What to work on: Exclude pictures; retype the lines below from the line containing "Die Verwaltung der" through the end of the records, both ends kept.

--- Information supplied ---

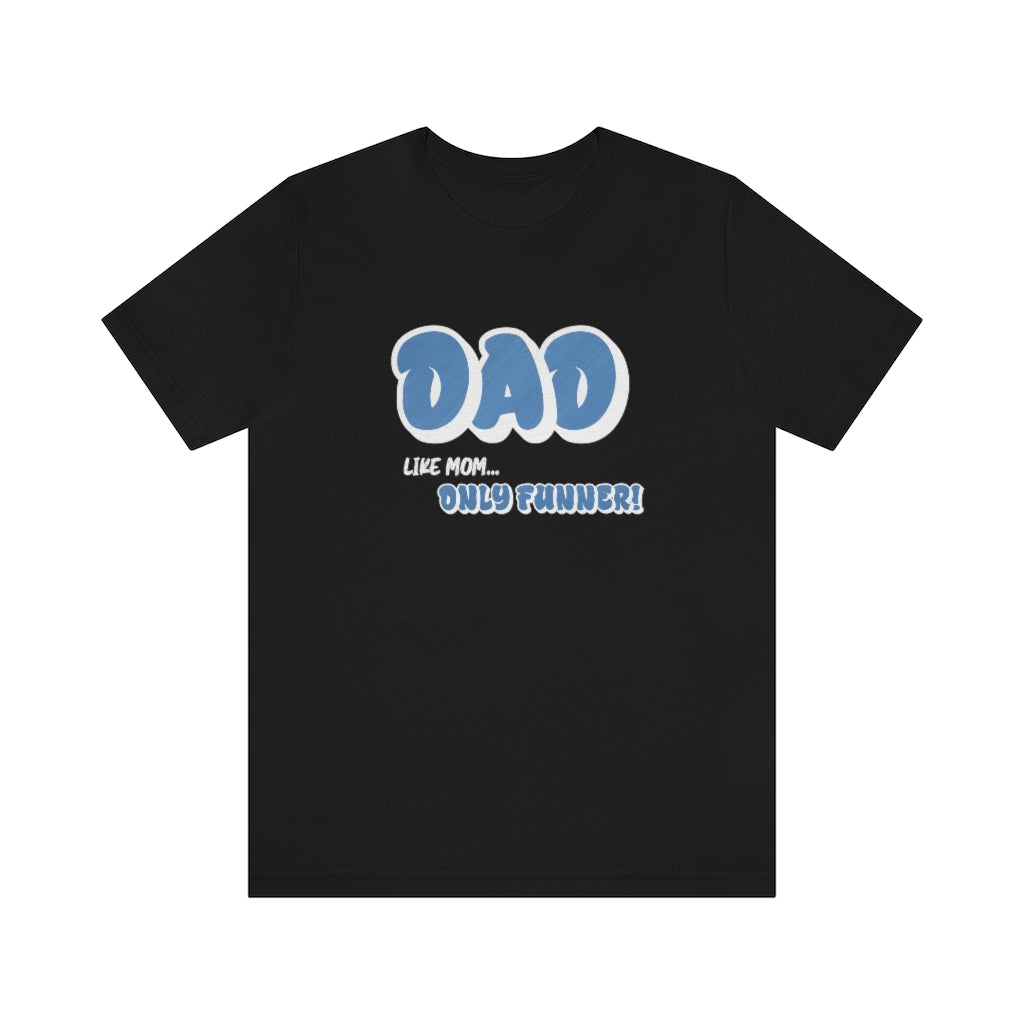 Dad...Like Mom Only Funnier. Short sleeve T-shirt. Black.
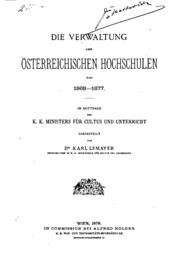 Die Verwaltung der österreichischen Hochschulen von 1868-1877 : Im Auftrage des K.K. Ministers für Cultus und Unterricht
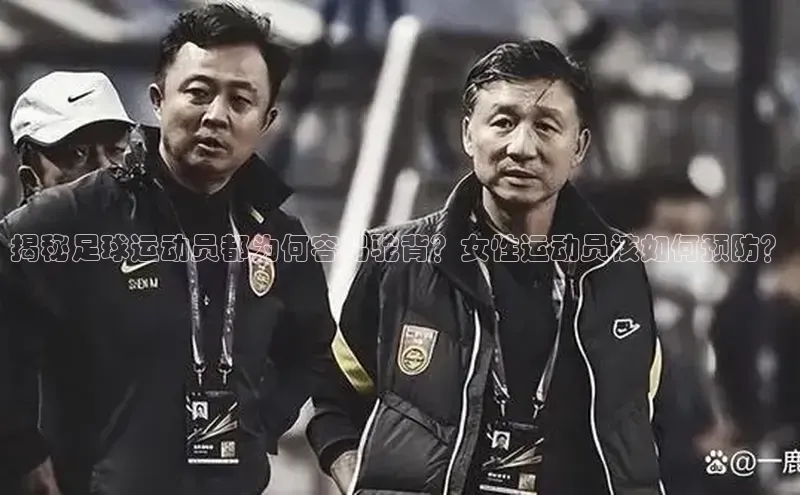 球速体育网页版登录入口歌力思揭秘足球运动员都为何容易驼背？女性运动员该如何预防？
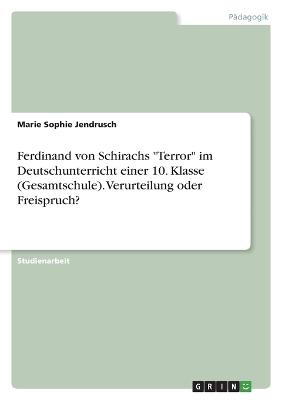 Ferdinand von Schirachs "Terror" im Deutschunterricht einer 10. Klasse (Gesamtschule). Verurteilung oder Freispruch? - Marie Sophie Jendrusch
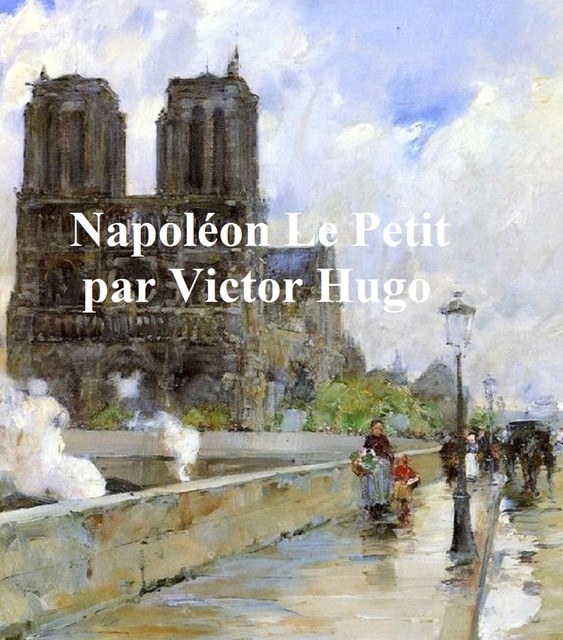 Napoléon Le Petit, Victor Hugo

---

Response:
 Die Verwaltung der österreichischen Hochschulen von 1868-1877 : Im Auftrage des K.K. Ministers für Cultus und Unterricht
 球速体育网页版登录入口歌力思揭秘足球运动员都为何容易驼背？女性运动员该如何预防？
 Ferdinand von Schirachs "Terror" im Deutschunterricht einer 10. Klasse (Gesamtschule). Verurteilung oder Freispruch? - Marie Sophie Jendrusch
 Napoléon Le Petit, Victor Hugo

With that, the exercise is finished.